On the bottom is a scenario that starts demand-driven, but when they see they can get extra sheep wool from the farms, they decide to purchase as much as they can because some years it is hard to get enough. They send it through the scouring process because saving greasy wool is not so pleasant.

Planning from recipe
A plan can be generated from one or more recipes, or created without recipes. For repeatable processing, it makes a lot of sense to automate planning from recipes. Otherwise, plans can be entered directly.
If there are Recipe classes, the planning uses only Recipe Processes that are defined in a Recipe. Or they can be generated directly from one or more Recipe Processes. In either case, they will find predescessor/successor Recipe Processes as needed.
Back-scheduling a plan from a Resource Specification or Recipe: Start with a resource specification, or the primary output of a recipe, and a due date, find a recipe process with that output, generate the plan from the end item to its inputs, to the outputs leading the inputs, to their inputs, etc. This is called a "demand explosion", and is probably the most common method.
Forward-scheduling from a Resource Specification or Recipe: Start with the inputs with no predecessors and a start date, generate the plan from the inputs to their outputs, to the inputs that want the outputs, etc..
Forward-scheduling from a Resource: Start with an Economic Resource, and generate the plan based on the recipe of its Resource Specification. Examples:
- Translation: start with a source document
- Auto repair: start with an auto that needs repair.

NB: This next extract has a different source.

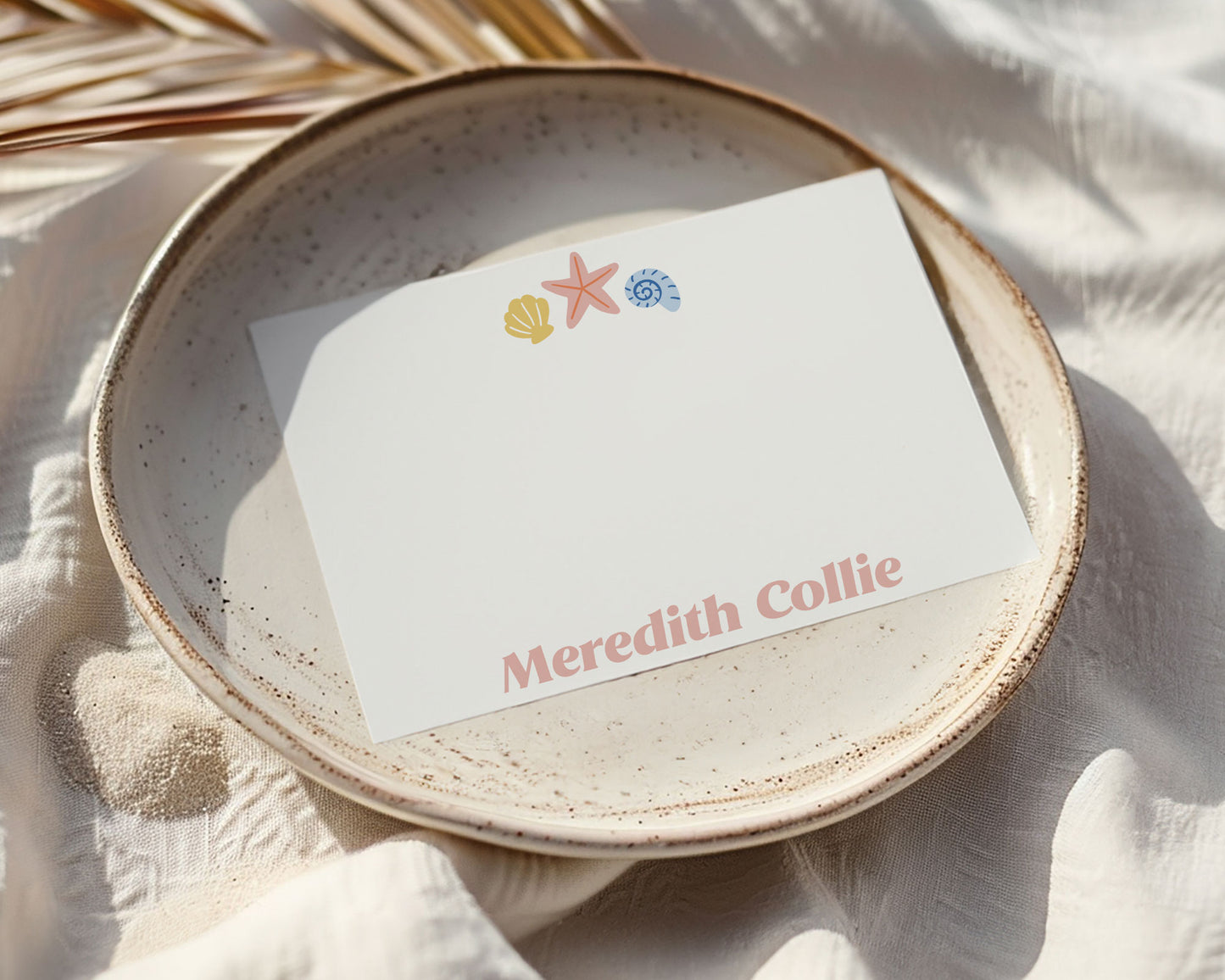 Coastal Seashell Personalized Stationery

Generating a plan involves scaling the recipe according to the demanded quantity or supplied quantity, depending on the direction. Usually recipes are defined with the smallest reasonable batch quantities.
Software that generates plans from recipes can actually be pretty smart. It can check for what is currently in inventory, as well as what is already planned to be consumed or produced in other plans on what dates, and schedule only what is needed needed. It can report what inputs there aren't enough of and can either generate a plan from a recipe that makes those or schedule trading for those components or ingredients. The scaling calculations can be made as complex as necessary, for example usually the resource quantities are just multiplied out, but the time duration of a process might be less than a straight multiplication. If there are offers for resources, the planning can take that into account and insert agents appropriately.

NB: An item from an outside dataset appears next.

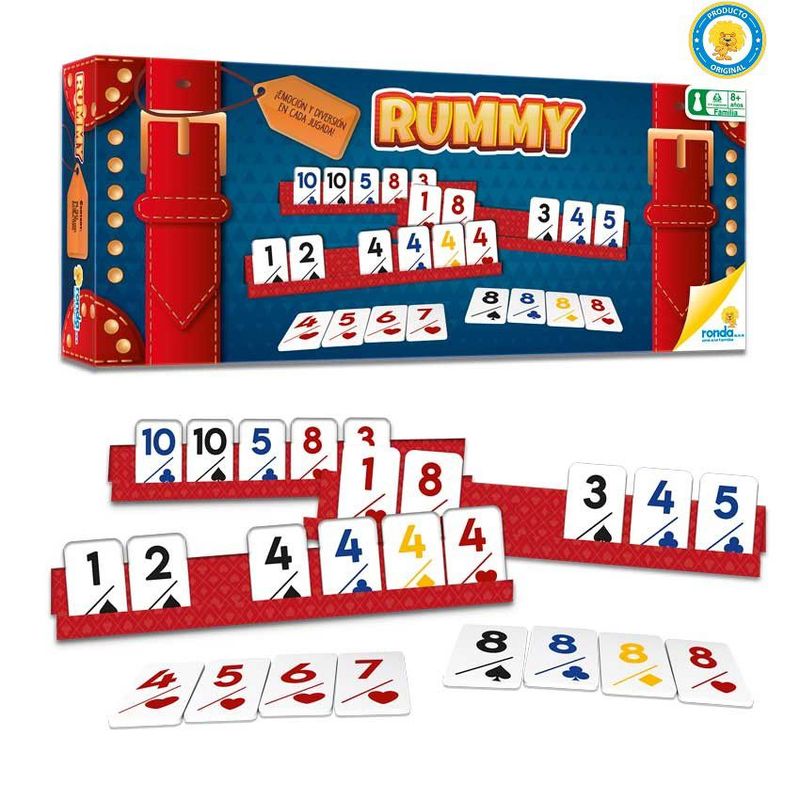 RONDA - Rummy Cartón Ronda - Juego de mesa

In addition, often plans are tweaked after generation from a recipe, depending on how firm and exact the recipe is. A manufacturing recipe might be more exact than a recipe for a more general business process. For these reasons, a plan is decoupled from the recipe that generated it in the vocabulary. It maintains only the references to the resource and process specifications that were supplied from the recipe.
Note that a plan can include sets of flows from more than one recipe. For example, below is a simplified diagram of a plan that uses two recipes. In this example, the flows are related. But sometimes plans contain multiple sets of processes, each from a different recipe, and each set of processes delivers a different resource. For example, a plan for a marketing campaign might include producing pamphlets, making a website, conducting a few events, each of which is a separate recipe with a set of connected processes.